** DATA PROVIDED follows **

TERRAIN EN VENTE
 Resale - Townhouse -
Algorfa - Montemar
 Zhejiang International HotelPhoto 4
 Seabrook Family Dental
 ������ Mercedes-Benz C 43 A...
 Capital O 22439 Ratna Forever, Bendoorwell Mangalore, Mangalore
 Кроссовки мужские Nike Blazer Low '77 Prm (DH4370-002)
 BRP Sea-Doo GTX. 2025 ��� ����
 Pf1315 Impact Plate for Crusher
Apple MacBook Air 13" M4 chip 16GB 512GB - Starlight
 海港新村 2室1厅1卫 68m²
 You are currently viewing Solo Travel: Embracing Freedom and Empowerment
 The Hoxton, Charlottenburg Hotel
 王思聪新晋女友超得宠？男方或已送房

** End of DATA PROVIDED **

● **WHAT THE TASK REQUIRES**:
Above are the entries. Quote exactly the lines from the one bearing "Кроссовки мужские Nike" through the one bearing "海港新村 2室1厅1卫 68m²".

● **SOLUTION TO THE PROBLEM**:
 Кроссовки мужские Nike Blazer Low '77 Prm (DH4370-002)
 BRP Sea-Doo GTX. 2025 ��� ����
 Pf1315 Impact Plate for Crusher
Apple MacBook Air 13" M4 chip 16GB 512GB - Starlight
 海港新村 2室1厅1卫 68m²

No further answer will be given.